Try it: Up to and including the line holding "Hand mit Lackierpistole", write out the data exactly from its first line, but not the pictures.

::: Data to process

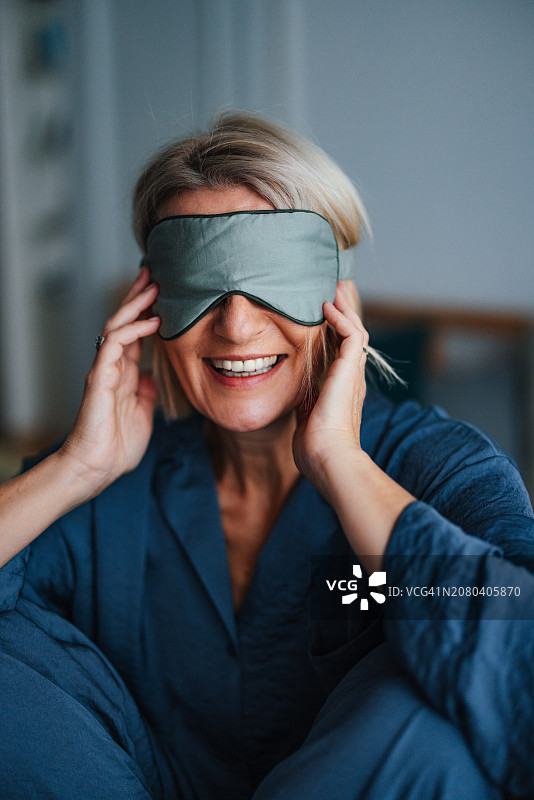 戴着睡眠面罩微笑的年长妇女肖像图片素材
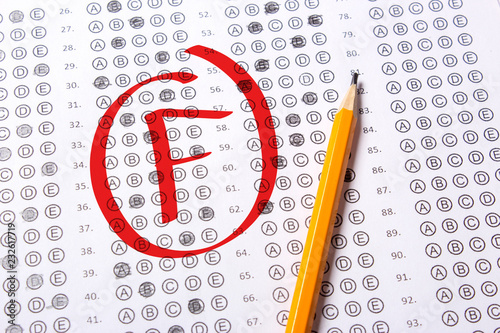Bad grade F is written with red pen on the tests photo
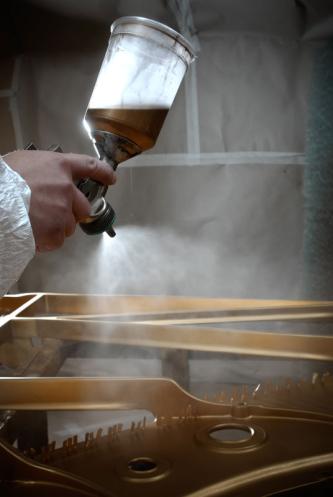 Hand mit Lackierpistole und Becher beim Lackieren einer Steinway & Sons Gussplatte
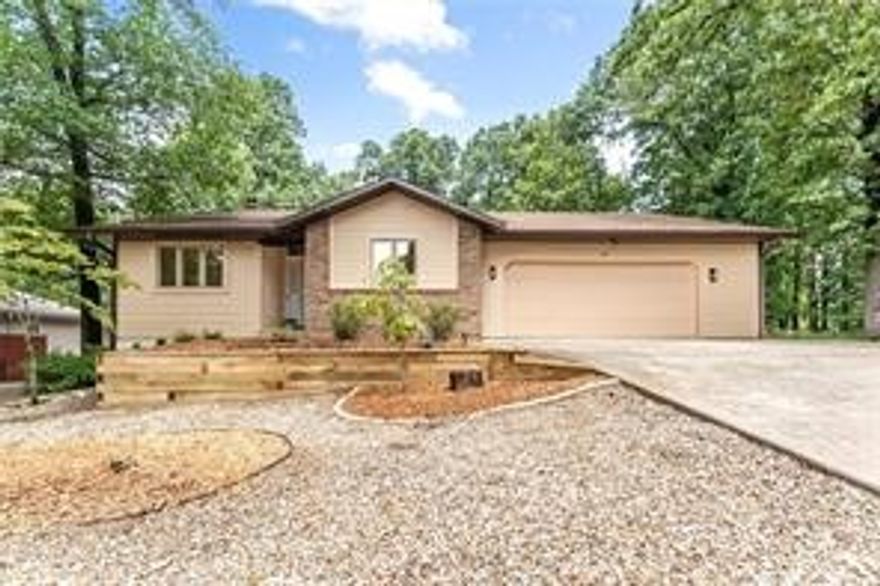 Tucked in Dunvegan near Loch Lomond, this refreshed single-level home is truly move-in ready. You’ll love the open, light-filled layout with updated LVP flooring, quartz counters, modern fixtures, and a gas-log fireplace anchoring the main living area. The split bedroom design gives the private main suite a tiled walk-in shower, dual sinks, and walk-in closet, while two additional rooms, one can be used as ate a flexible guest/office wing. A bright sunroom adds extra space for an office, workout area, or second living space overlooking a rare flat backyard that actually works for pets, play, gardening, or a firepit. Outside you’ll find an attached 2-car garage, extra gravel parking for guests, a boat, or trailer, and easy curb appeal. Minutes to Hwy 71, Tunnel Vision and Lago Vista MTB trails, lakes, golf, pools, and Bella Vista club amenities—ideal for soaking up the NWA lifestyle year-round.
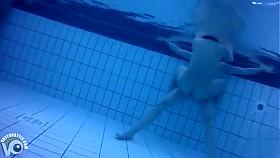 Nudists in the pool get filmed underwater
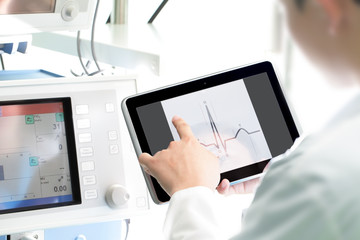 Doctor at work with a digital tablet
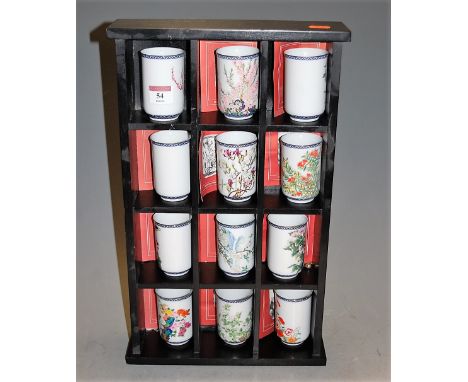 A set of twelve Japanese porcelain beakers, each enamel decorated with flowers and foliage, in ebonised stand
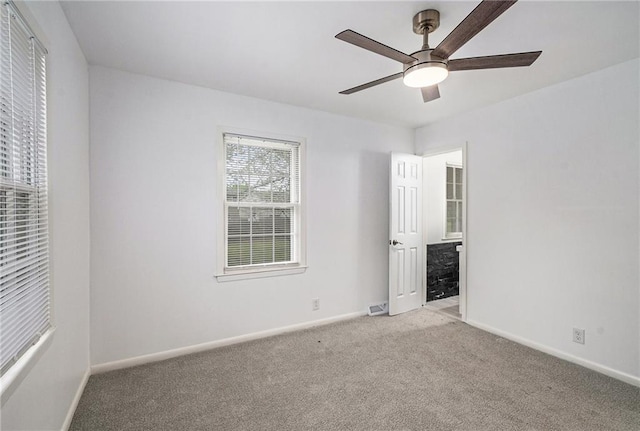 321 22nd Street Ter, Blue Springs, MO 64015 - empty room with light colored carpet, a ceiling fan, baseboards, and visible vents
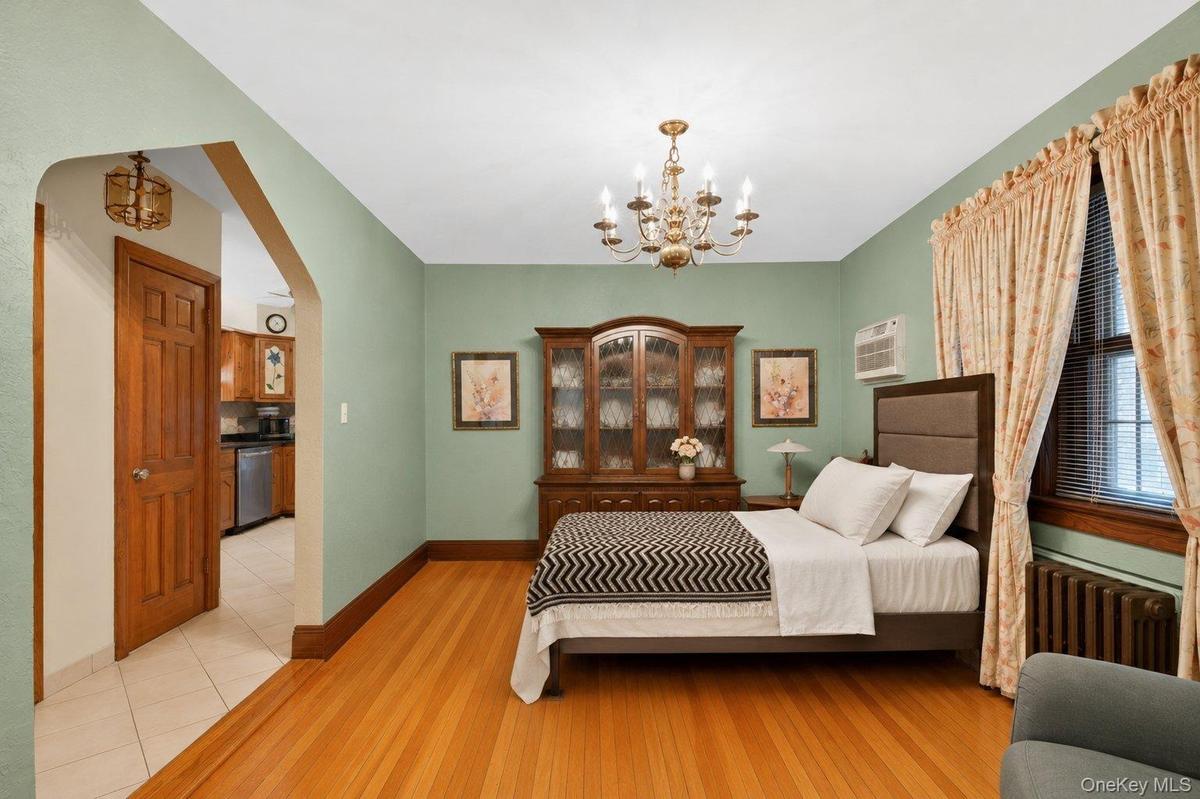 Hardwood flooring throughout, complemented by a brass chandelier and detailed window trim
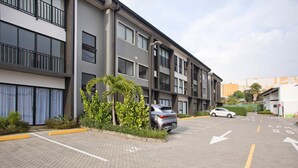 A multi-story parking garage with a modern design, featuring a car parked in the lot and a building with balconies and large windows in the background. - Condominio Novatriana - SJO Airport (Alajuela)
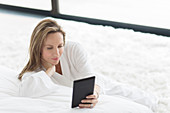 Woman in bathrobe using tablet in bedroom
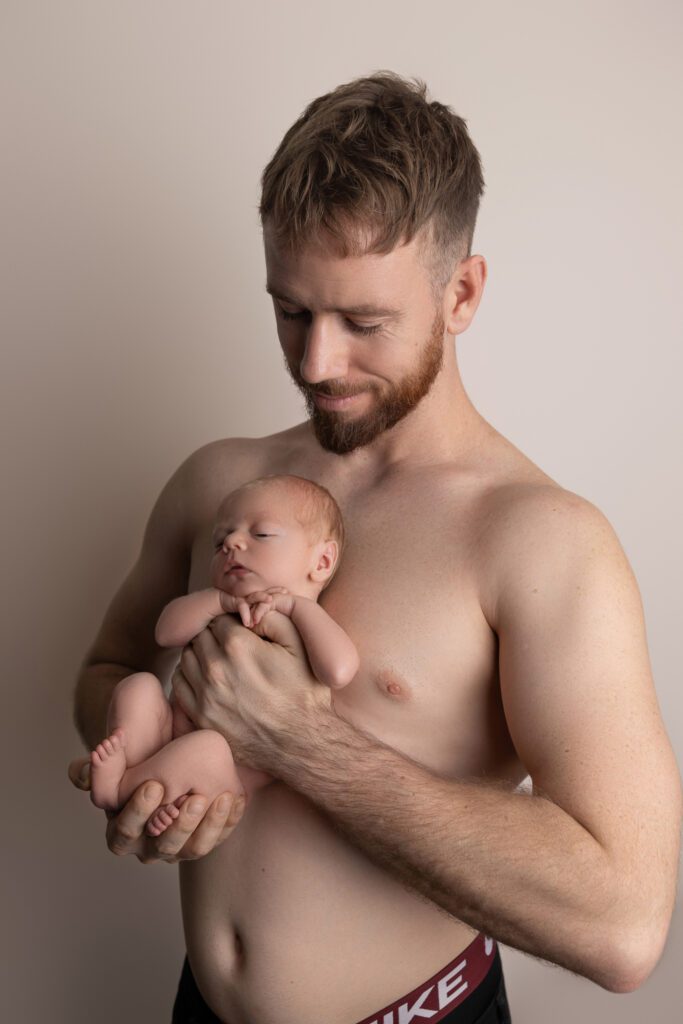 photo of a father holding his newborn baby boy in a backlit studio — newborn photography by Aurora Joy Photography, Stirling Western Australia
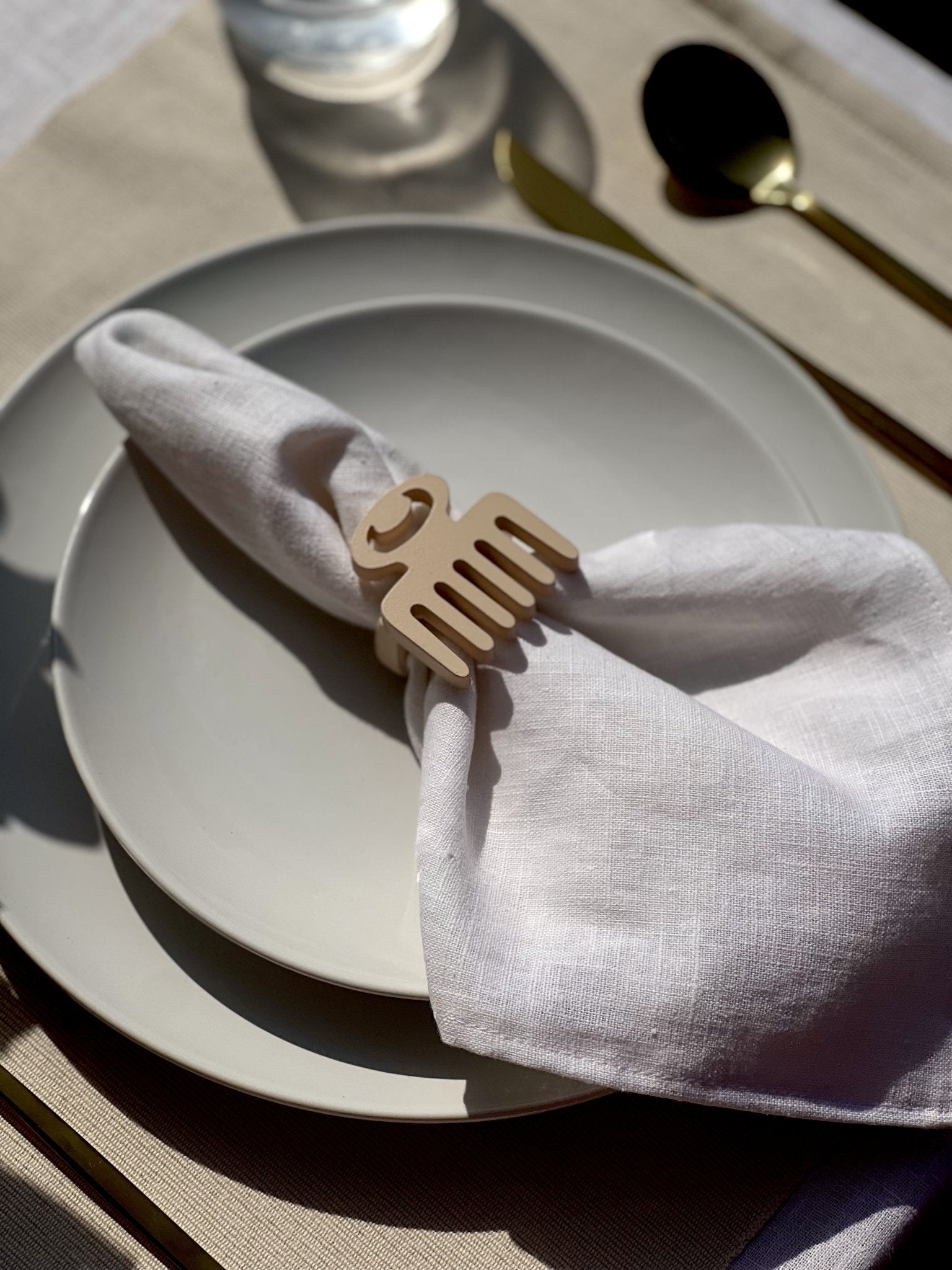 White napkin with a cream Duafe adinkra napkin ring on an off white plate, gold cutlery, and a clear glass of water.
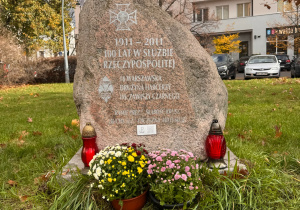 Kamienny pomnik upamiętniający 100-lecie służby 16. Warszawskiej Brygady Pancernej im. Zawiszy Czarnego. Pomnik stoi na trawie, w tle widoczne są budynki mieszkalne. Na kamieniu wygrawerowany jest tekst rocznicowy oraz emblemat wojskowy. Przed pomnikiem ustawiono donice z kwitnącymi chryzantemami i dwa czerwone znicze – symbole pamięci i szacunku.”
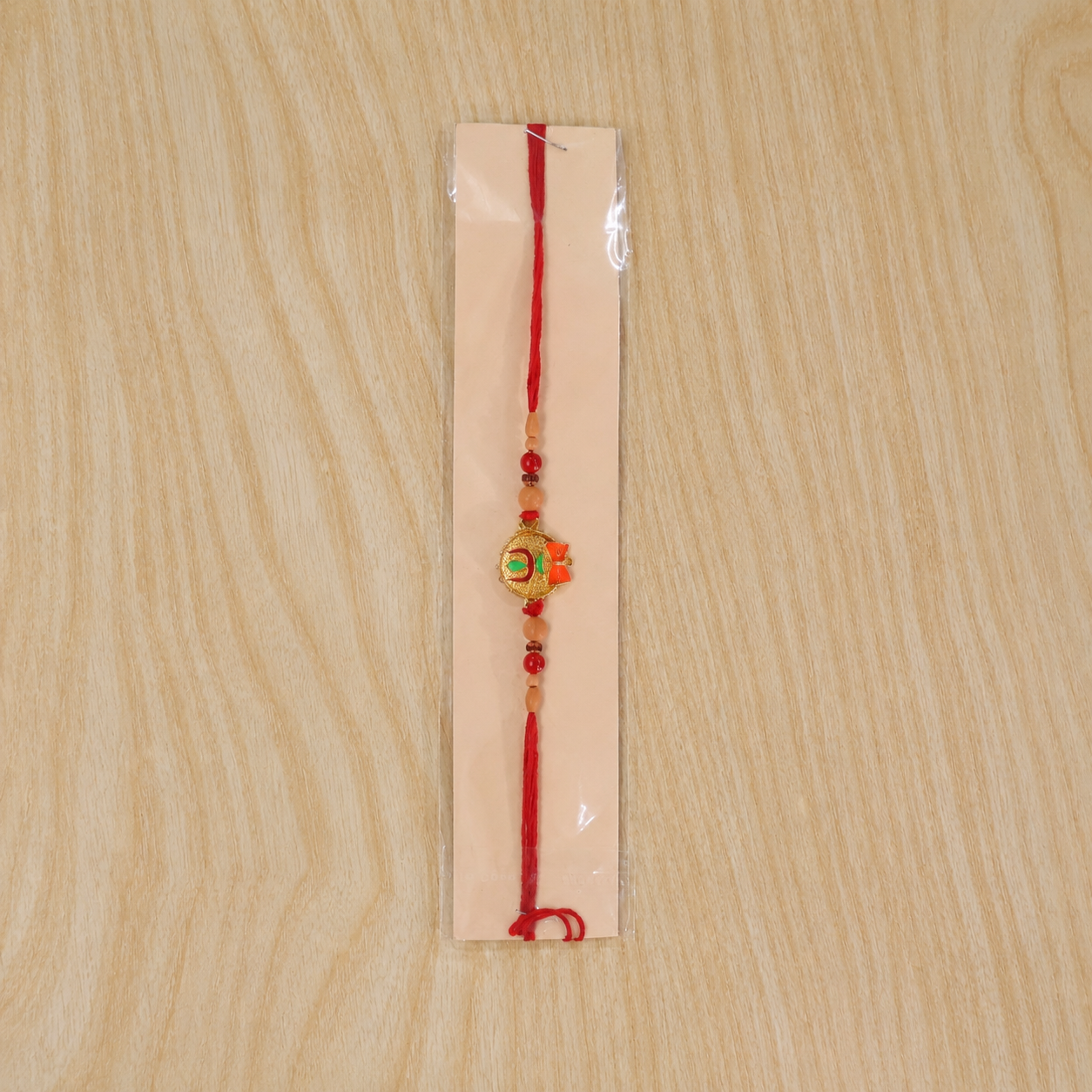 Assorted designer rakhi collection with green stone centerpiece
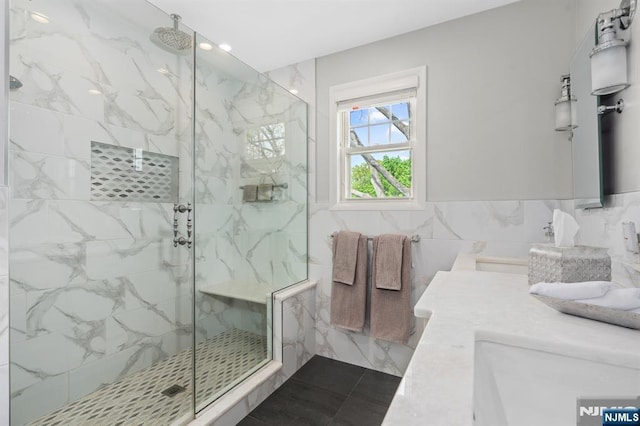 bathroom with a marble finish shower, double vanity, and tile walls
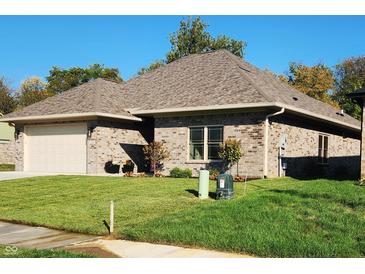Brick ranch home with attached garage and landscaping at 2170 Galleone Way, Plainfield, IN 46168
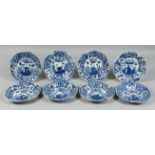 A SET OF EIGHT 18TH CENTURY CHINESE BLUE AND WHITE PORCELAIN DISHES, the centre depicting a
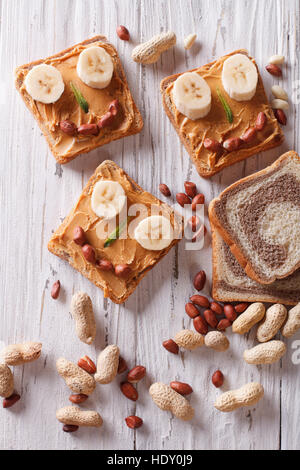 Funny sandwiches for children with peanut butter. vertical top view Stock Photo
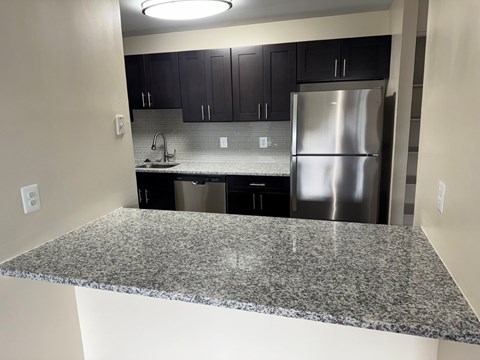 A kitchen with granite countertops and stainless steel appliances.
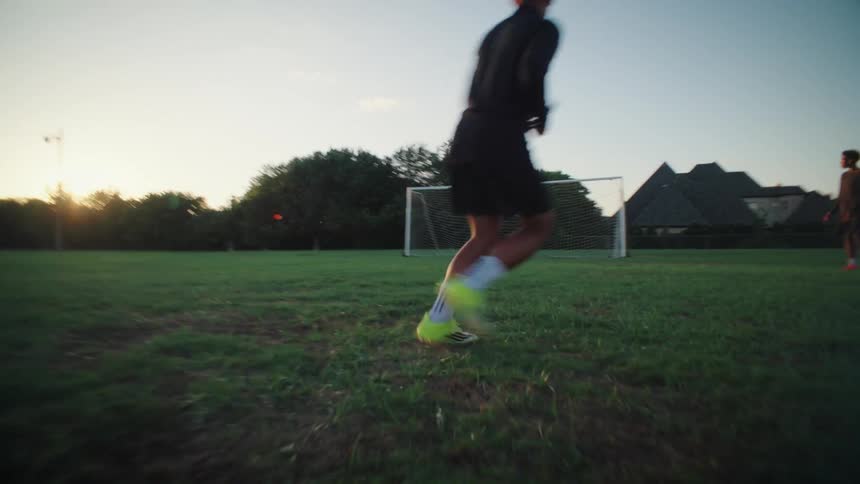 A young man scores a goal in slow motion on a grassy soccer field during a beautiful sunset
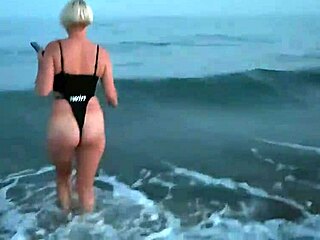 Blonde flashing tits and sucking cock on the beach, so public!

::::::

Task answer:
 戴着睡眠面罩微笑的年长妇女肖像图片素材
Bad grade F is written with red pen on the tests photo
 Hand mit Lackierpistole und Becher beim Lackieren einer Steinway & Sons Gussplatte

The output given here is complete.